EXERCISE DESCRIPTION: Find the line in the entries below that contains "So we have a". Repeat it exactly, and every line after it through the line that contains "The Mazda MX-30".

(Excerpts from a dataset)
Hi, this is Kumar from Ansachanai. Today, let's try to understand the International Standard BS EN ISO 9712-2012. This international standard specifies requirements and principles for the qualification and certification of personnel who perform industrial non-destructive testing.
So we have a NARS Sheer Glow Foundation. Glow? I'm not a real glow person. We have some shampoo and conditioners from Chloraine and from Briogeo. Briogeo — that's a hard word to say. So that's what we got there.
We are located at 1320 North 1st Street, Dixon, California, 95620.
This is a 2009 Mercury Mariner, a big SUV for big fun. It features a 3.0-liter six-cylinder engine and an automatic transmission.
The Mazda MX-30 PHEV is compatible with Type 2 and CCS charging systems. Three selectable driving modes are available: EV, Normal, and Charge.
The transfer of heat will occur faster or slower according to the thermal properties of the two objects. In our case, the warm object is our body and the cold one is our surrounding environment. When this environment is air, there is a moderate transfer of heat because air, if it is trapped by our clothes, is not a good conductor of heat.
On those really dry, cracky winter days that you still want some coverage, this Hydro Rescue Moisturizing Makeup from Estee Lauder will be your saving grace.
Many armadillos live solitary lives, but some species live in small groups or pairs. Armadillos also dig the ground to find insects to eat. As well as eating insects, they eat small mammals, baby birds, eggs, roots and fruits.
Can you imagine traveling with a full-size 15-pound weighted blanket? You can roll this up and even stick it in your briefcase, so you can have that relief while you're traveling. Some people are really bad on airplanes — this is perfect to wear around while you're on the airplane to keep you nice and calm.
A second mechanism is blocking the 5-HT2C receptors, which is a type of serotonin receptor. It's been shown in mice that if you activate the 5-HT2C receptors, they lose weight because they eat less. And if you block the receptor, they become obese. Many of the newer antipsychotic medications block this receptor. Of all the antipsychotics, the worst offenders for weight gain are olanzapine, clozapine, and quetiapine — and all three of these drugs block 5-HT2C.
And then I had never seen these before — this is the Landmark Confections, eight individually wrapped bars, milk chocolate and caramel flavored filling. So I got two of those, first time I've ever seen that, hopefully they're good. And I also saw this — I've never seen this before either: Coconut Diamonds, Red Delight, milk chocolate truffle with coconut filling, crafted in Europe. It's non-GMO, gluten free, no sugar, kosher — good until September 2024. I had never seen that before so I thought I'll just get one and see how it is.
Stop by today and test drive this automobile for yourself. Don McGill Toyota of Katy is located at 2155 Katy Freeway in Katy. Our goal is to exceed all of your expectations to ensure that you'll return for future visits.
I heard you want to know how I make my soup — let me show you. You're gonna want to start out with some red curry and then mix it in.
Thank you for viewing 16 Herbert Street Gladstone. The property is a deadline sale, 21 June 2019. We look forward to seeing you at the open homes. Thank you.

SOLUTION BELOW:
So we have a NARS Sheer Glow Foundation. Glow? I'm not a real glow person. We have some shampoo and conditioners from Chloraine and from Briogeo. Briogeo — that's a hard word to say. So that's what we got there.
We are located at 1320 North 1st Street, Dixon, California, 95620.
This is a 2009 Mercury Mariner, a big SUV for big fun. It features a 3.0-liter six-cylinder engine and an automatic transmission.
The Mazda MX-30 PHEV is compatible with Type 2 and CCS charging systems. Three selectable driving modes are available: EV, Normal, and Charge.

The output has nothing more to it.